El caso Depardieu servirá de precedente para la distópica desaparición de países. Las banderas distorsionan a los mercados de los valores financieros. Desterritorializarse será muy pronto una realidad: Pase a la ventanilla 5 para tramitar su enojo con el presidente que le quiere cobrar la mitad de su sueldo; Pase a la ventanilla 7 para conseguir vía fast track su residencia en Siberia; Pase a la ventanilla 11 para vivir en un duty free.

 

Conquistar un duty free es la ilusión de todo auto desterrado; comprar en ellos, es una conquista justiciera para gente como Gérard Depardieu.
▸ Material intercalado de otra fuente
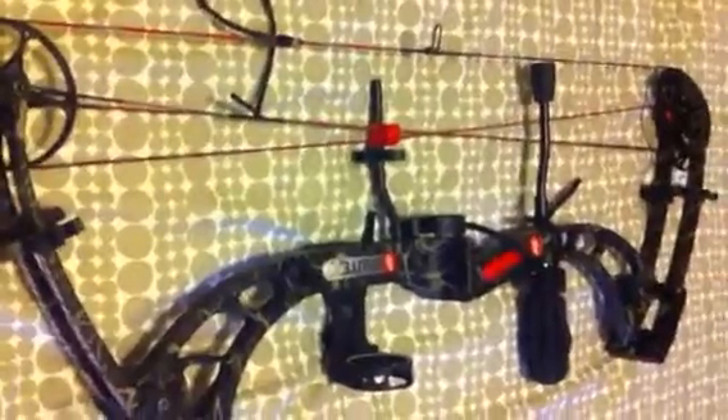I'll be shooting from 10 meters, 20 meters, 30 meters, and 50 meters, just so you can see how it goes from long distance and that.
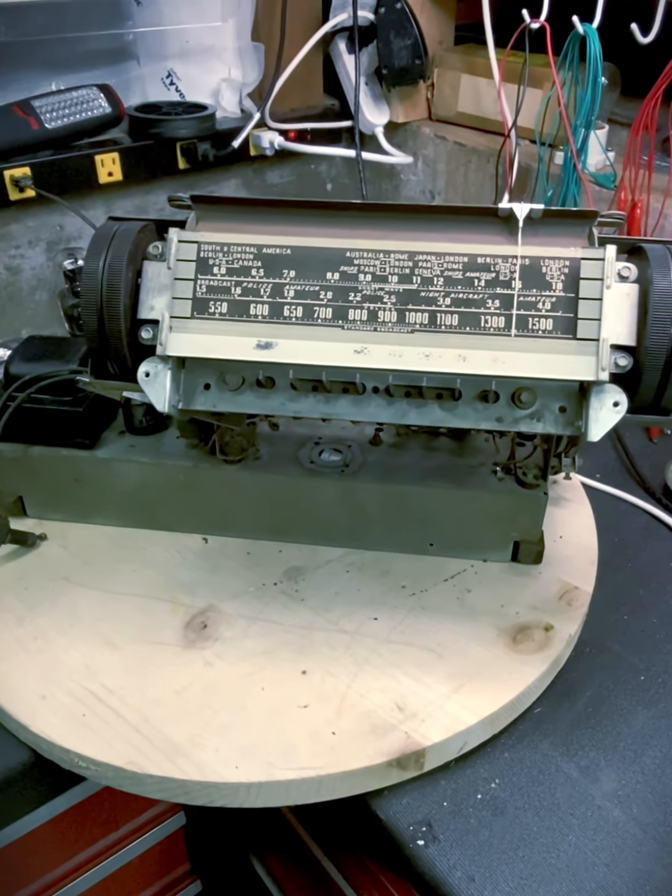I had to re-glue the back a little bit where it peeled up, but it's fine — should come out okay. The grill cloth has seen better days, but there's a replacement here that's pretty close and looks good. The speaker is all good. So that's it for now — I'll go ahead and rewire, and when the components come in I'll start installing those caps, and I'll be back.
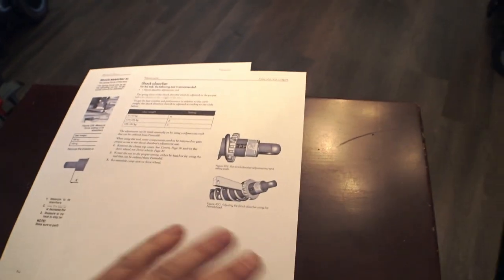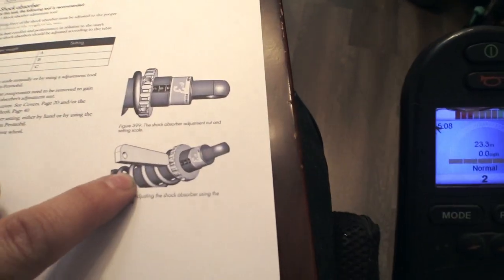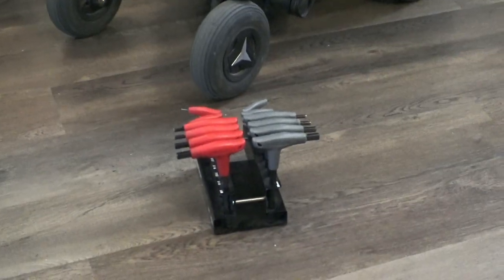I printed off the pages from the two service manuals. Turns out it's actually ridiculously easy. I thought a long time ago that you had to remove the shock absorbers and take them off the chair and do all this crazy stuff. No — turns out it is very simple. Essentially all you've got to do is get out of the chair. Permobil shows this little tool which is used to adjust the shocks, but I found that instead of this tool, all you need is a set of allen wrenches.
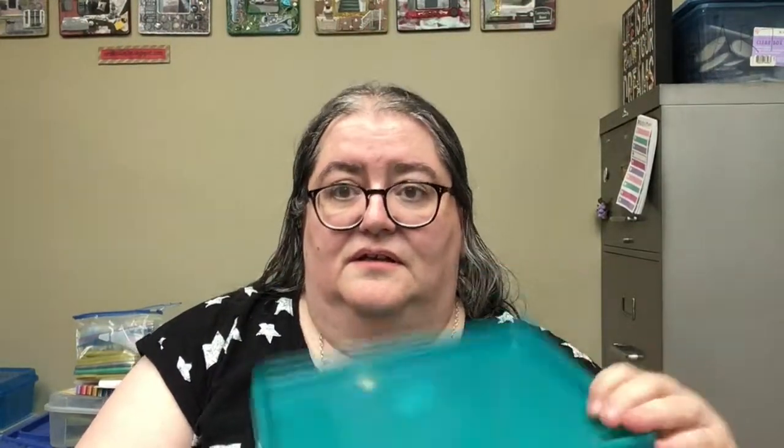These are little trays that I found in the teaching area, and I got them in several different colors — there's red, green, yellow, and black. I think these will be really useful for when I'm doing little projects in front of the camera and I have several different projects in progress. I'll have them on these nice little trays and be able to move them around — very useful as project trays when you're art making.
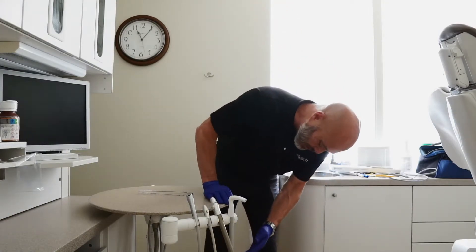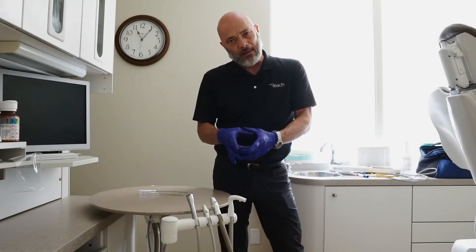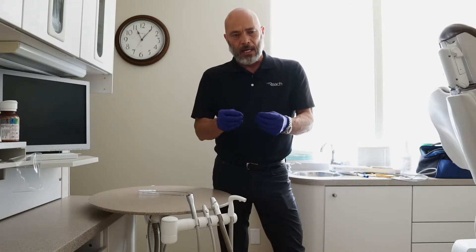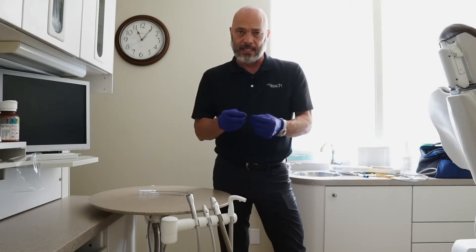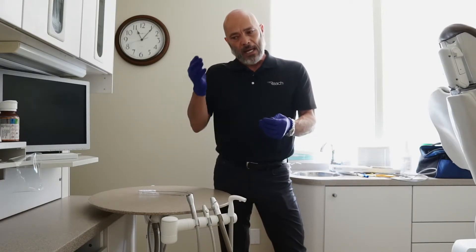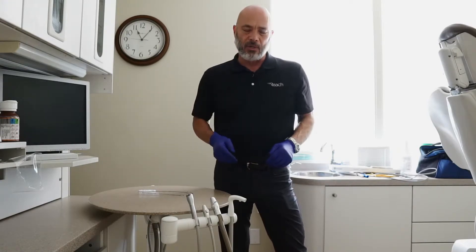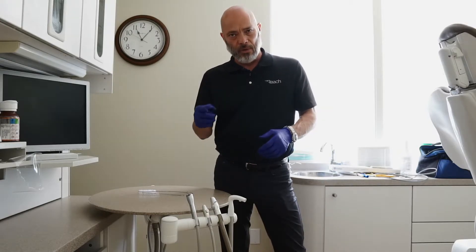Back to the delivery room traps — there's a solid trap in every room that collects any large debris. That should be checked on a regular basis to make sure it's cleaned out or replaced. Then you go through your building plumbing and back to your vacuum pump that provides vacuum. We'll go there next.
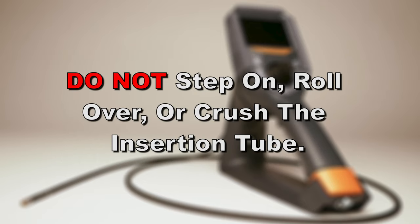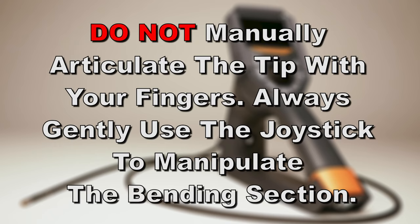Do not step on, roll over, or crush the insertion tube. Do not manually articulate the tip with your fingers. Always gently use the joystick to manipulate the bending section.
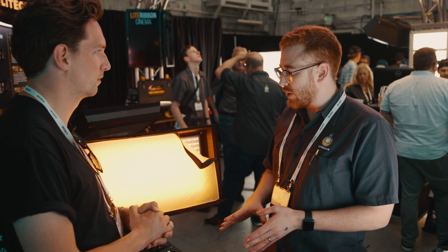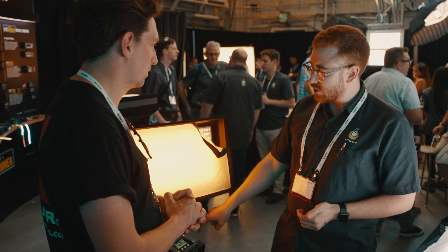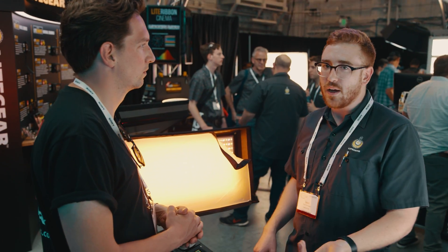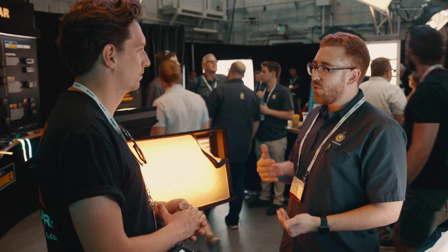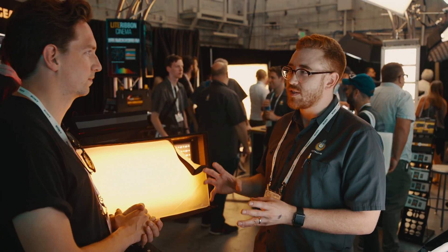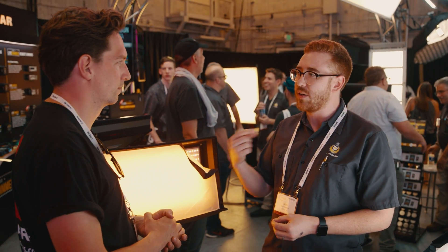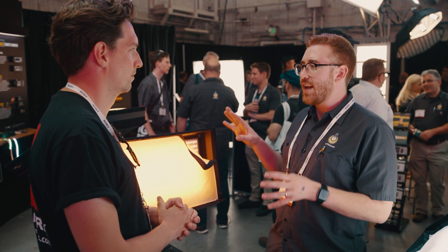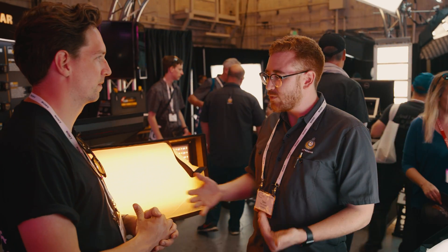One thing we've added that we're quite proud of: you can select which camera you're using or which color space you're in. So if you're shooting on the ARRI or Alexa or Sony Venice or whatever camera it is, we've done our homework and tailored the light output to match that camera's sensitivity. If that camera sees red slightly differently than another camera or than our eye, when you look at the monitor you'll actually see what you were hoping and expecting — that red looking correct.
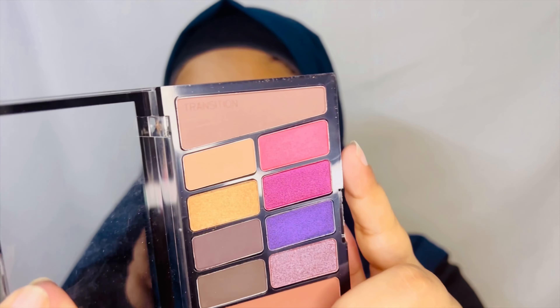Now for the eyeshadow, I am thinking of doing a nice smokey eye and going ahead with one of the purple colors in this palette under my lower lash line.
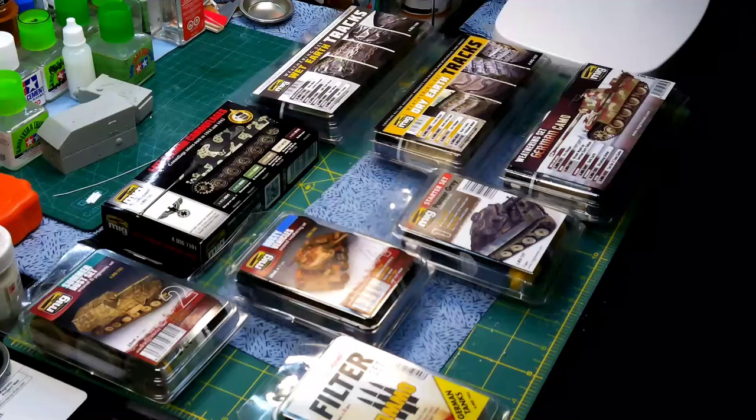Hey everyone, welcome back to Crazy Gamer Games. How's it going today? Today we're doing another Ammo by MIG review. Local Hobby Town has authorized me to review these products, and something a little special is coming up at the end of the video — possibly a giveaway, we'll see.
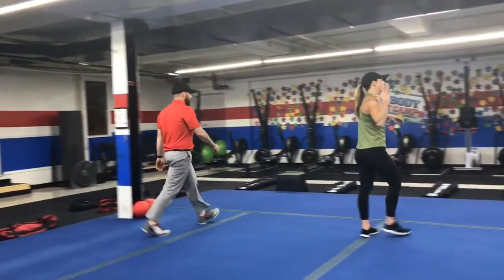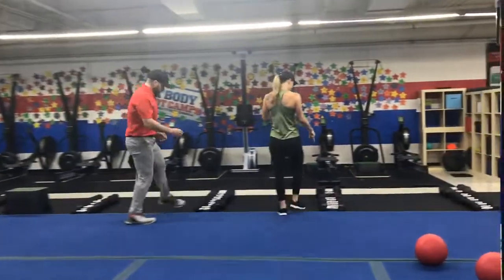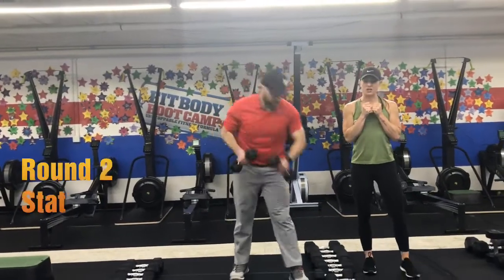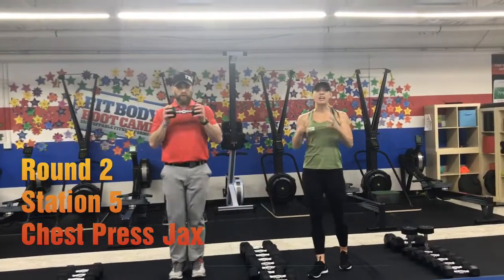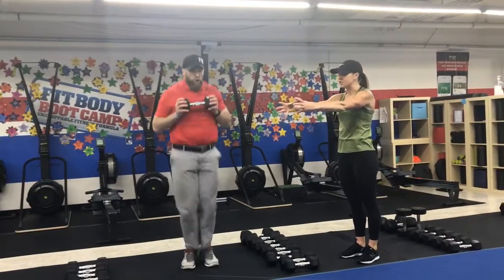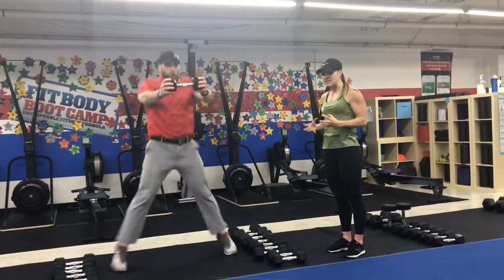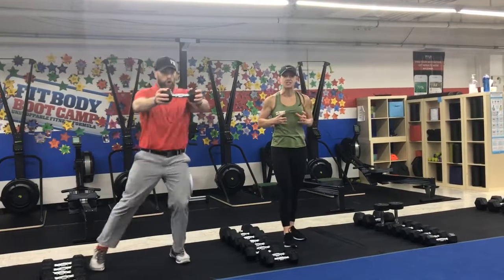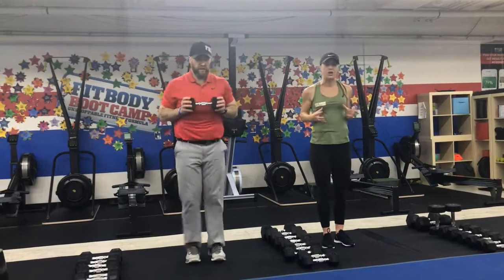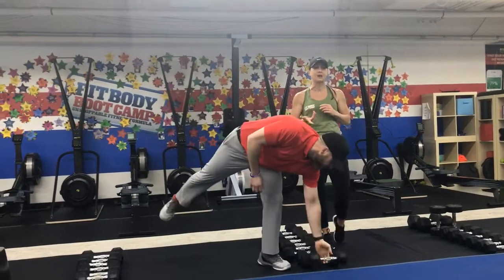Station number five, we're coming back over to the dumbbells for a chest press jack. Holding those dumbbells at your chest — go lighter weight or just hold one. Press it out from your chest as you kick your feet apart; as your feet come back together, pull it back in. Out apart, in together. You can also do one foot at a time to take that impact out.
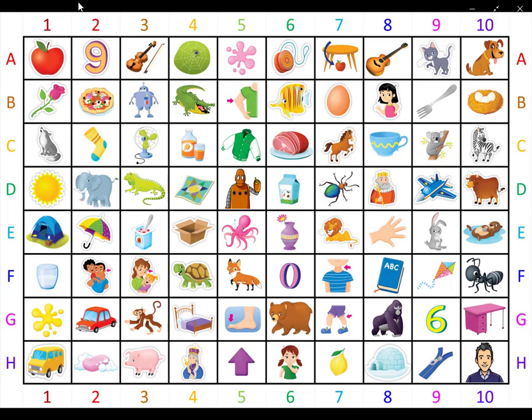Orange picture number two. Who is she? She is not a boy. She is little. She says hi. Who is she? She is a girl.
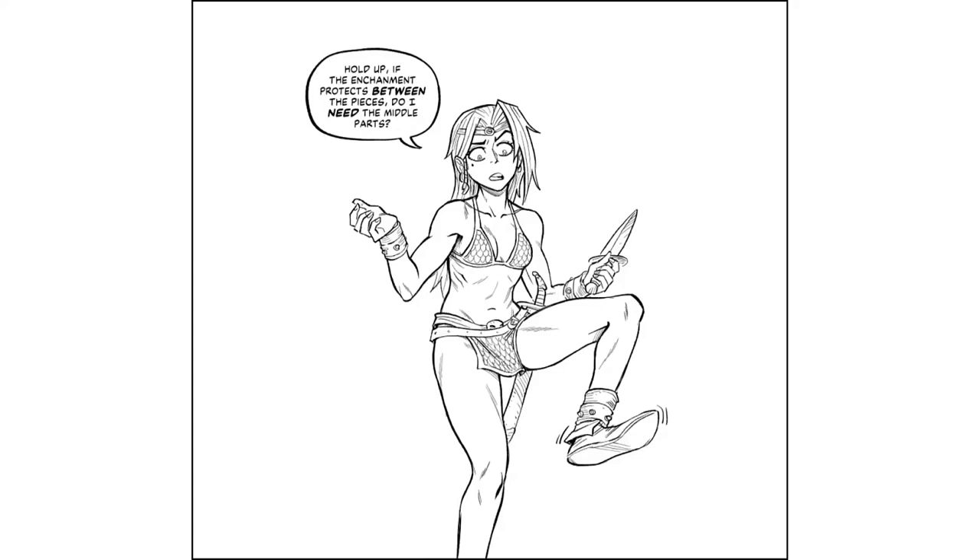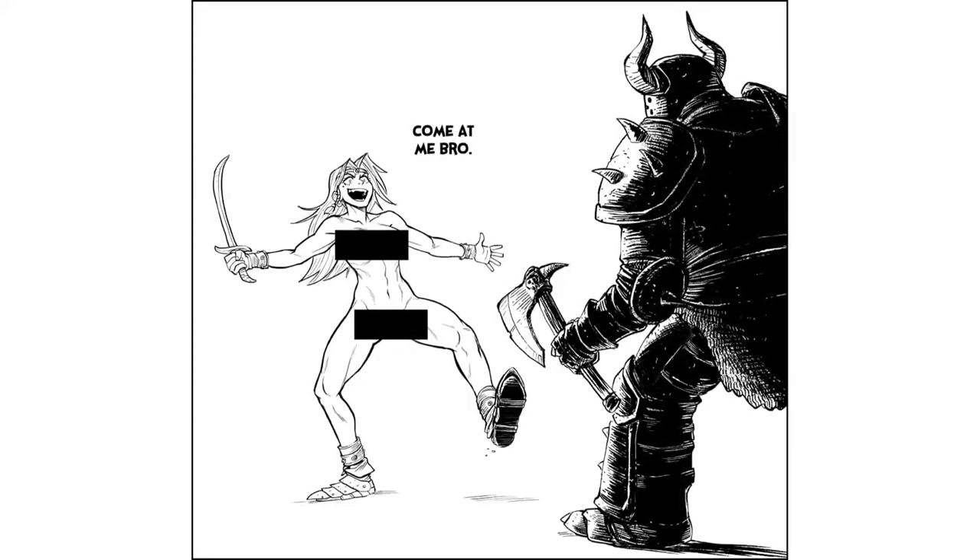Hold up. If the enchantment protects between the pieces, do I need the metal parts? With the bracelets and the... hmm... A few moments later... Come at me bro!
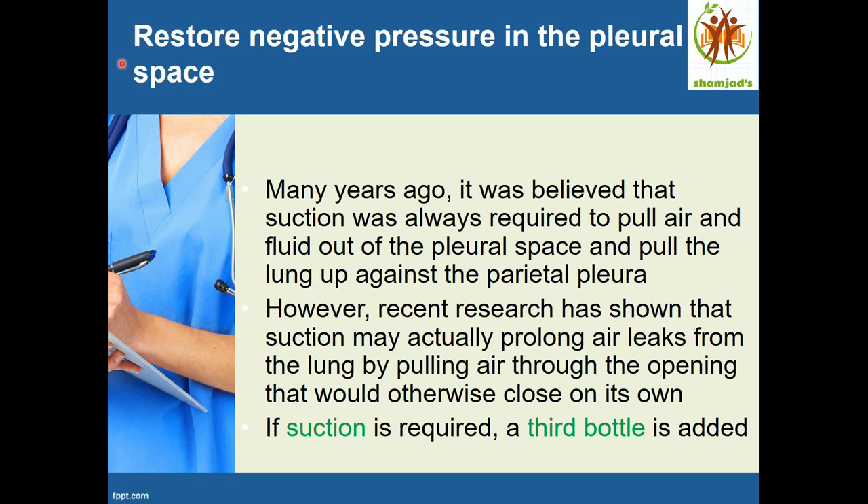Here is the third aim of the treatment: restore negative pressure in the pleural space. Many years ago, it was believed that suction was always required to pull air and fluid out of the pleural space and pull the lungs up against the parietal pleura. However, recent research has shown that suction may actually prolong air leaks from the lung by pulling air through the opening that would otherwise close.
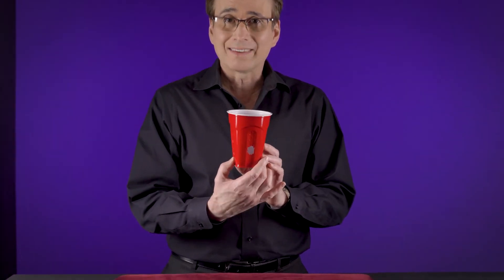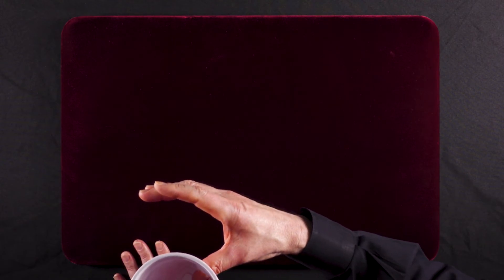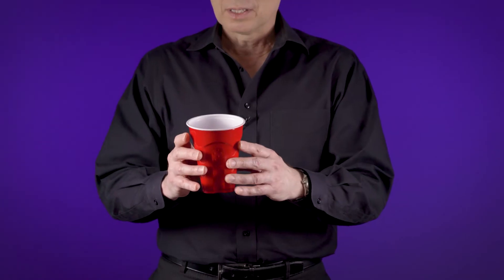The secret to this is a big old hole on the back of the cup. That's right — a big old hole that allows me to take my thumb and stick it inside. But from this side, you can't see that I have a hole in the back.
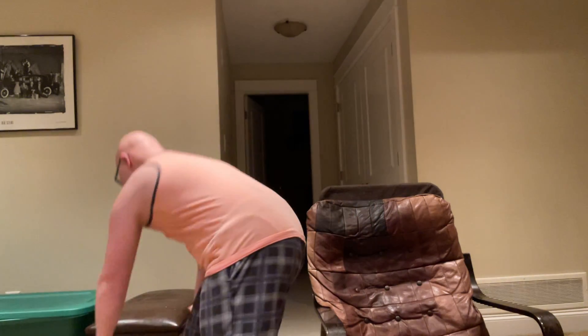Next we're going to do our biceps guys. I am sitting down for this. So we're going to pick up our weight. I'm starting off with my right arm for your bicep. Arm on your leg, pick up your weight just like this, and you're going to bring it up and squeeze your arm into your bicep right away.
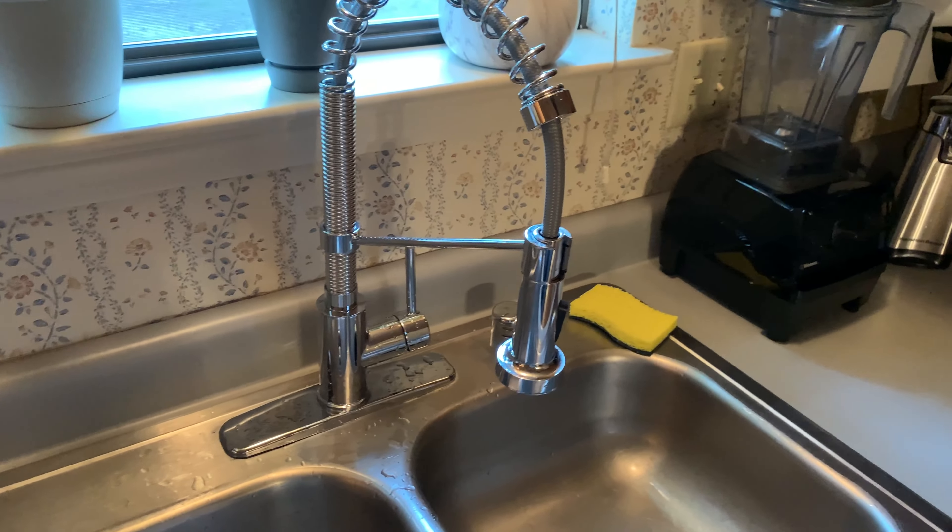It was very easy to install. I had no issues with leaks or anything like that, so really nothing but good things to say about both this faucet and that shutoff valve.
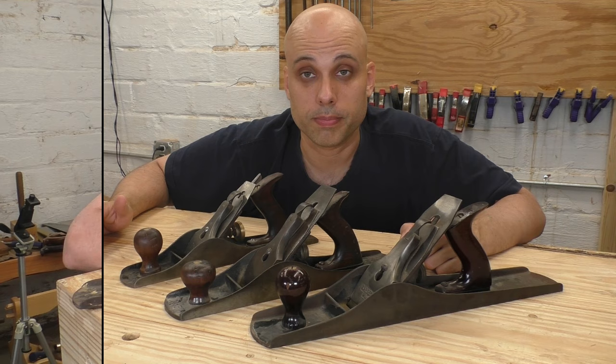The answer is they both do more or less the same thing, and I recommend that you grab whatever you can find and whatever you can afford. They're too similar for it to make a huge difference. If you followed this whole video, you've got a pretty good grasp on what all the different models of Stanley planes are for.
Si ayer a los paraísos fiscales fueron parques temáticos de la felicidad, hoy, países como Irlanda y Bélgica, intentan convertirse en enormes duty free para empresas como Google, Amazon, Gérard Depardieu, la familia Mulliez (dueña de las tiendas de autoservicio Auchan y de la deportiva Decathlon), Bernard Arnault (propietario de un ejército de marcas de lujo como por ejemplo, Louis Vuitton), Alain Delon y la modelo Laetita Casta, entre muchos otros. Y es que vivimos en una época en la que la felicidad se encuentra correlacionada con los fraudes fiscales: a mayor cantidad no declarada a Hacienda, la felicidad crece.

 

Hoy, los gobiernos abren sus cajas fuertes y se encuentran con pagarés. De Obama a Rajoy y de Cristina Fernández a Antonis Samaras la política fiscal apunta al incremento de impuestos antes que al recorte de gastos. De ahí que el incremento de delitos fiscales se incremente hasta los límites que convierten en sátira a sus protagonistas. En el mundo de Gérard Depardieu no existen banderas fiscales ni sentimientos ridículos de nación. Para él, lo importante es vivir en un duty free aunque se tenga que postrar para besar la mano de políticos autocráticos como Vladimir Putin.

 

Cuando personajes como Robert Schuman y Jean Monnet se imaginaron, a lo que hoy conocemos como la Unión Europea, muchos pensaron que sería imposible. Uno mundo sin fronteras pertenece a las entelequias pacifistas. Sesenta años después, Gérard Depardieu nos obsequia un fragmento de una distopía interesante: la conquista de países por parte de los duty free, o si se prefiere, la desaparición de países.